As we examine the legacy of the Los Angeles Riots 25 years ago, I wrote a two-part piece on the Cafe blog of my experiences, based on my memories of the Atlanta Riots. I was a student and our uprising took place in the Atlanta University Center (AUC) as a protest to the acquittal of the police officers charged with beating Rodney King a year earlier. As young black college students who had our own battle scars from interactions with police over-zealousness, our grievances mirrored those of the LA rioters; unfortunately, the response of Atlanta law enforcement and elected officials was to treat us as miscreants. All these years later, that is still the perspective I have when recalling the events of those few days.
On FB, some of my peers offered the same memories, which suggests that this was a significant and transformative life experience. I also noticed that most of those remembrances barely feature women, even though we were right there protesting along with our brothers. I hadn't given much thought to that fact in many years, but with the hindsight of 25 years, I wanted to offer some of my theories. This is not an attempt to re-write the narrative, just raising a few issues and drawing parallels to the current state of affairs.

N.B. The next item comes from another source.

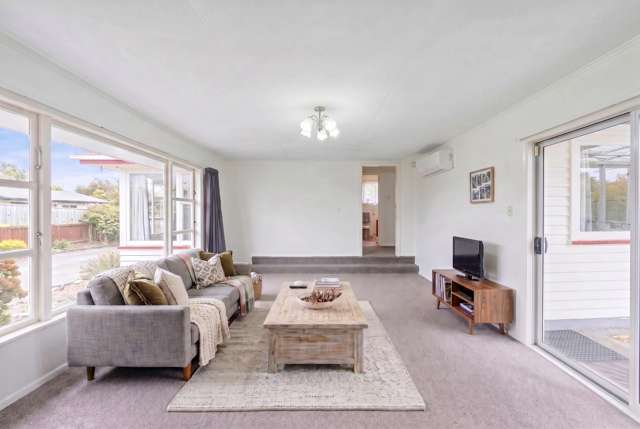 7 Abraham Crescent 10929_4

I recall that the initial protests against the verdicts began on Spelman's campus. That detail was rather insignificant until I fully unpacked that memory. The entire episode began the previous night when we were attending a campus pageant at Morehouse and the verdict was announced. We made our way back to campus where we watched the news reports from Los Angeles. Our frustrations mounted and however information got spread back then without the internet or social media, a protest was set to occur the following afternoon. The next day I remember discussing the events at lunch, leaving the cafeteria, seeing a group of protestors chanting down the street of our main campus, and then following them out of the gate to where things morphed into what became the riots.
So Spelman was there. Yet in the images that come up in news reports or the memories of participants, Spelman is not there. (Take a look through these photos published in the AJC and take note of how many women you see.) Presumably, we were inside the protective bubble of our gated community watching events unfold on television just like the folks from uptown. When we did venture off campus to witness, speak, or join the protests, efforts were made to immediately remove us from the fray. We were warned by campus police not to follow the protestors off campus. Our Morehouse brothers escorted the curious back to campus. Our Sister-President chastised us for getting involved in what was deemed not our battle to fight.

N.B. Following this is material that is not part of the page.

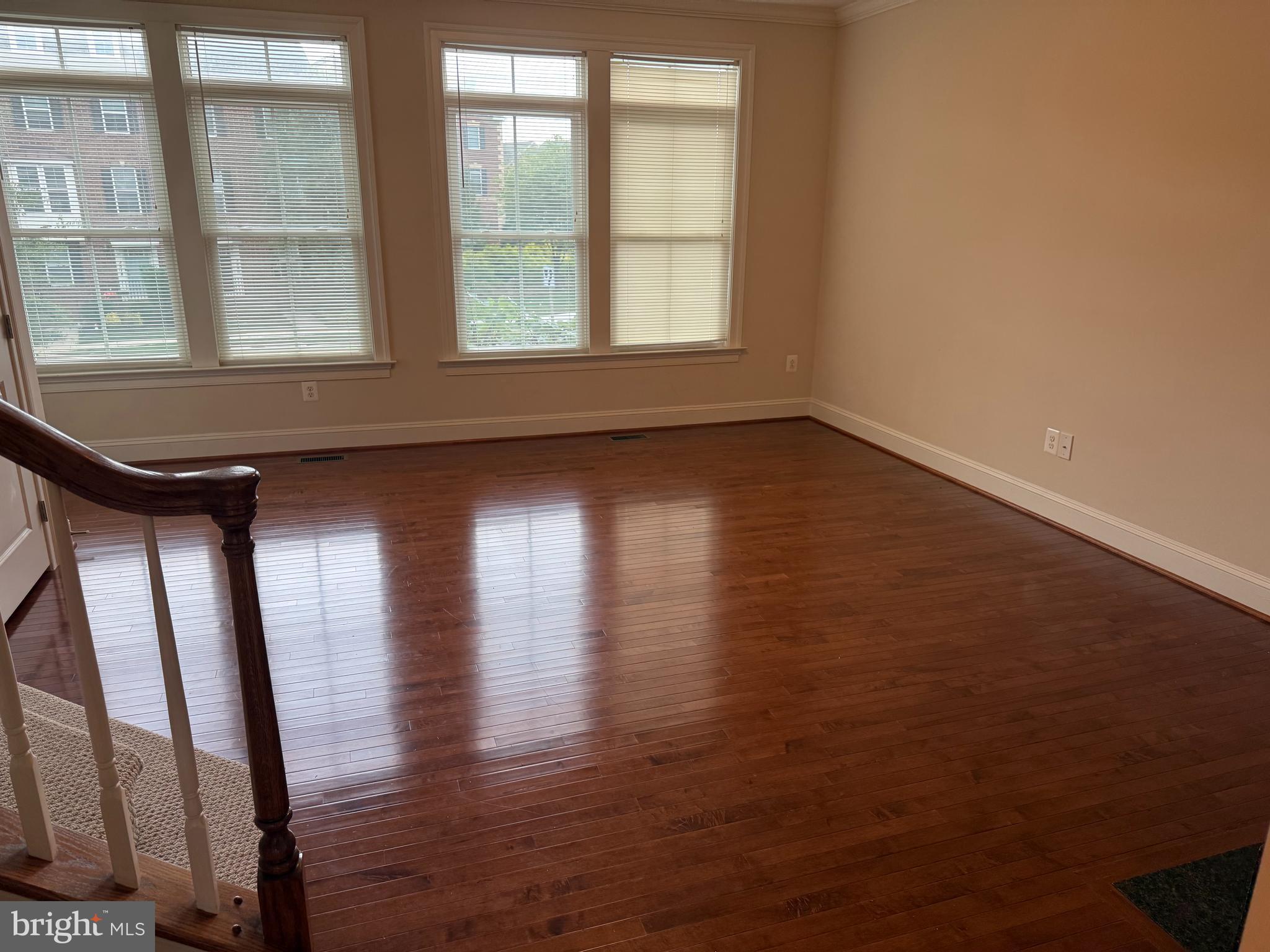 VILLAGES OF URBANA - Residential Lease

In its most benign form, the impulse to protect Spelman students made sense because no one wanted to see their daughters and sisters get hurt. So when Spelman students sought to participate in the protests and found barriers, it may have been with the false assumption that we had nothing to contribute. But it was unrealistic assume that we were immune from danger, especially when plenty
of us witnessed police encounters with brothers who were stopped for
walking/driving while black in a southern town.
I attempted to persuade my parents that I had legitimate reasons to participate, but they did not hear me. So when I resolved to disregard their pleas and those of our campus police to venture outside anyway, I faced the wrath of Morehouse brothers. I understood their position on safety, but chafed against their paternalism. Who knows if more visible participation by women in those protests would have prevented some of the violent clashes, or at least prevented the rapid descent into mayhem.
Perhaps I was too young and too naive to express these sentiments then. But a recent conversation with a current student suggests that there remains an impulse to shield Spelman students from reality. They believe Atlanta is unsafe and avoid using public transportation or taking any chances walking through the West End neighborhood. Which is ironic since the public housing that surrounded our campuses 25 years ago is gone or has been redeveloped. No major city is totally safe--neither are the suburbs or the exurbs. Isn't the point of going away to college to discover life, good or bad?
Furthermore, it was disingenuous to suggest that Spelman women needed to stay put on our gated campus while our sisters at Morris Brown and Clark Atlanta were not similarly protected when those tear gas canisters were unleashed on their campuses. I don't recall if they were escorted back to their dorms and admonished to stay inside. Male and female students alike were impacted by our shared university library being closed down at the beginning of our final exam reading period. And what good is shelter on our campus from police violence, only to be vulnerable to other forms of violence off campus that I dare not address at this time...
If the conventional wisdom was that black women were exempt from police misconduct, I need only invoke the name of Sandra Bland as an example of my point that we were/are no more safe than black men in confrontations with law enforcement. And historically, women were not exempted from harsh treatment once arrested or imprisoned, especially in the South. For that matter, neither were children.
Speaking of children, that is perhaps the primary reason why women should never be sidelined in any public outcry against police violence. Women must be seen and heard so that our babies, like Tamir Rice and now Jordan Edwards, are not forgotten. That is the legacy of mothers like Mamie Till-Mobley and the mission of the Mothers of the Movement. We may not have all been mothers 25 years ago, but we were sisters; and among those of us who are mothers now, we remember Los Angeles and Atlanta and see Baltimore and Ferguson and wonder why we are still taking to the streets. And will we need to be in the streets for the next 25 years?